本田技研工業からトヨタ自動車への転職は、結論から言えば「可能だが難易度は高い」というのが実態です。

 

同じ完成車メーカーであるからこそ評価されやすい経験がある一方、競合関係ゆえの制約も多く、対策なしでは通過が難しい領域でもあります。

 

ここでは、難易度の理由と実際の転職傾向を具体的に解説します。

同業大手間の転職はなぜ難しいのか

完成車メーカー間の転職が難しい最大の理由は、「専門性の高さ」と「競合関係」にあります。

 

ホンダとトヨタはともに世界トップクラスの自動車メーカーであり、研究開発・生産技術・品質管理などの領域で高度なノウハウを蓄積しています。

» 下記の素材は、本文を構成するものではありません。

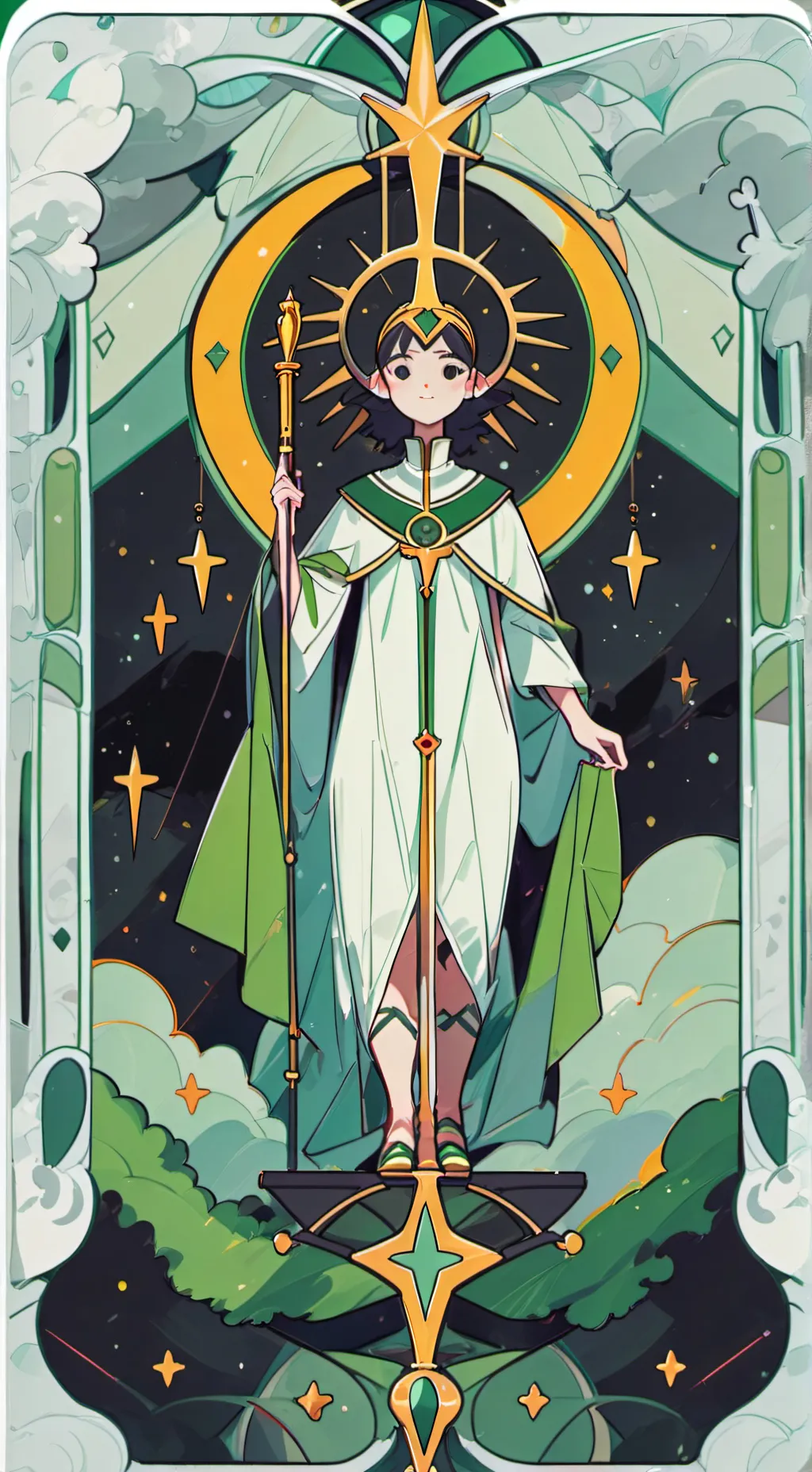 ai character: jevin x raddy background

そのため、単なる業界経験だけでは差別化が難しく、「どの分野でどんな成果を出したか」が厳しく問われます。

 

また、守秘義務やや情報管理の観点から、面接では前職の技術情報をどこまで話せるかが慎重に見られ、コンプライアンス意識の低さはマイナス評価につながります。

企業側もリスクを避けるため、採用には慎重になる傾向があります。

 

さらに中途採用では、即戦力となる専門スキルが重視されます。

具体的には、車両設計、パワートレイン開発、生産技術、ソフトウェア制御(CASE領域)などの経験が評価されやすく、抽象的な業務経験だけでは通過が難しいのが実情です。

トヨタの中途採用比率と求める人材像

トヨタは近年、事業環境の変化に伴い中途採用を拡大しています。

 

ただし、あくまで中心は即戦力採用であり、ポテンシャル採用は限定的です。

 

求められる人材像としては、単なる技術力だけでなく「プロジェクトを前に進める力」が重視されます。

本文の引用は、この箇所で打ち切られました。